Faculty members can contact ombud Lisa PytlikZillig and ombud Rodrigo Franco Cruz at firstname.lastname@example.org. In your message, include your name, email address, phone number, the best time you can be reached, and if you have an ombud preference. An ombud will get back to you within two working days to set up a convenient time and place to meet. A personal appointment will give you the chance to discuss your concerns fully and confidentially. To protect your privacy, do NOT include details of your concerns in any message at any stage of working with the ombuds.
Preparing for a Call or Visit
You are not required to prepare anything before you talk with an ombud, but you may find it helpful to gather your thoughts — in writing or otherwise — so you can best express your concerns. Some questions that may help you focus your thoughts:
- What is the situation you want to address or improve?
- Who else is impacted by this situation?
- What do you hope will happen? What do you fear will happen?
- Is there anything you have already done to address this situation?
- What internal or external barriers are preventing you from addressing this situation?
- Which policies regulate your appointment and the functioning of your unit?
Meet the Ombuds
Lisa PytlikZillig, research associate professor in the Public Policy Center, conducts research on a variety of topics, including public engagement, trust in institutions, public acceptance of new policies and technologies, and alternative dispute resolution. PytlikZillig’s experience with UNL began as an undergraduate in the College of Engineering. She switched areas and graduated with a Bachelor of Arts and double major in art and psychology. In 2001, she earned her doctorate in social psychology from UNL, and worked as a postdoctoral scholar, then research assistant, then research associate professor. In addition to faculty ombud, she also serves as interim director of the Social and Behavioral Sciences Research Consortium. Her work also included teaching undergraduate and graduate courses in psychology and educational psychology, and grant writing. In 2008, she began work at the University of Nebraska Public Policy Center, where she was awarded multiple grants from the National Science Foundation to study public engagement and trust in institutions. In 2015, she began assisting the Social and Behavioral Sciences Research Consortium in an administrative role and served as SBSRC’s assistant and then interim director from 2017-2022. PytlikZillig is also a trained mediator, affiliated with The Mediation Center in Lincoln, primarily practices interest-based mediation, and has coached mediation students in the College of Law.

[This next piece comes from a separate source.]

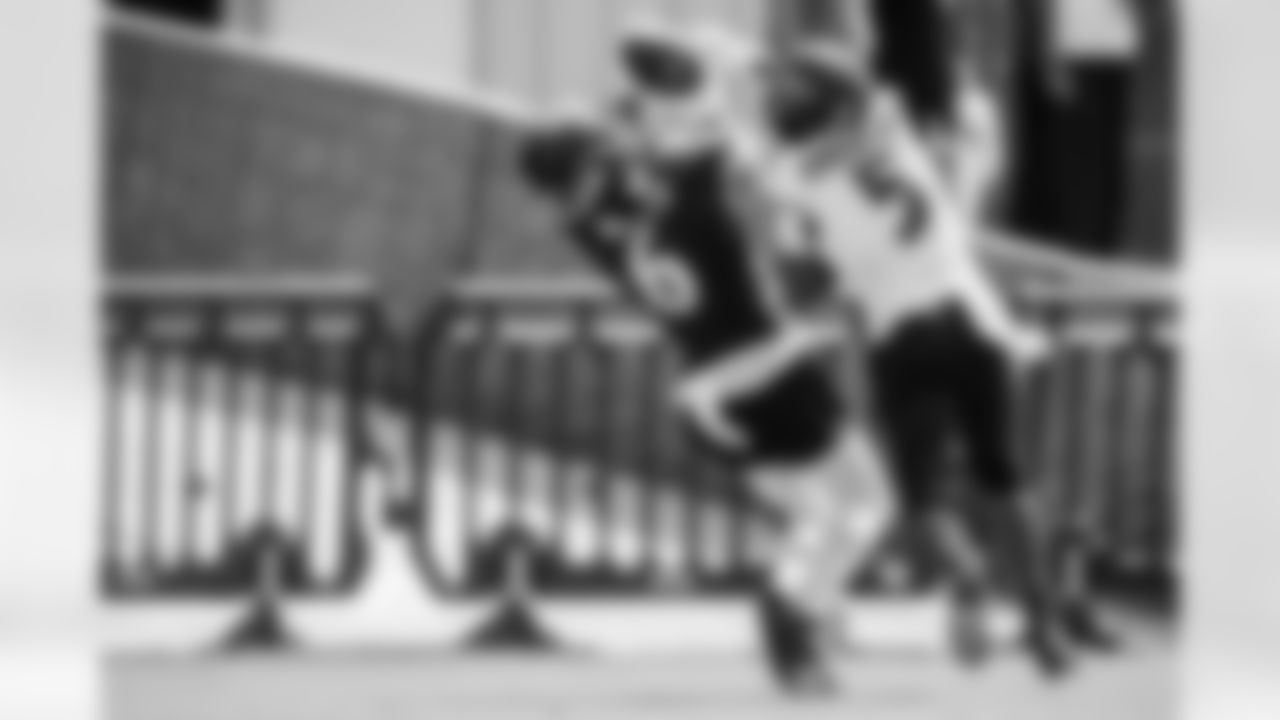WR Anthony Miller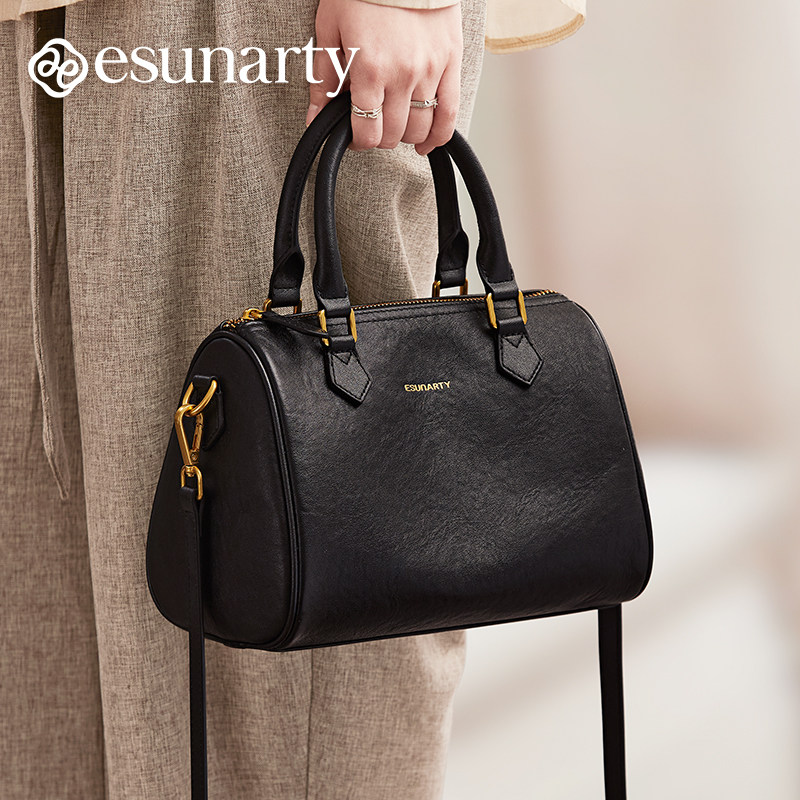 真皮斜挎女包2026新款时尚波士顿枕头包包高级感头层软牛皮手提包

Rodrigo Franco Cruz, associate professor of veterinary medicine and biomedical sciences, teaches and advises students and conducts high impact research. His research interests include the role of redox signaling, protein/organelle quality control mechanisms, and metabolism in neuronal cell death, brain disease and injury. He is affiliated with and contributes to the mission of the university's Redox Biology Center and is an active member of the Society for Neuroscience and the Society of Toxicology. He has received national and international awards and recognition for his work. Franco Cruz has served on a number of university committees, including the Research Council, the Executive Committee of the Faculty Senate, Academic Integrity, Faculty Rights, and the Graduate Committee of the School of Veterinary Medicine and Biomedical Sciences. Franco Cruz has published numerous peer-reviewed research manuscripts, reviews, and editorials; edited many special issues and books; and participated as an editorial board member and ad hoc reviewer for a number of scientific journals and grant funding agencies. He holds a Bachelor of Science in Biology and a doctorate in Biomedical Sciences from the National Autonomous University of Mexico. He was a postdoctoral fellow at the National Institute of Environmental Health Sciences.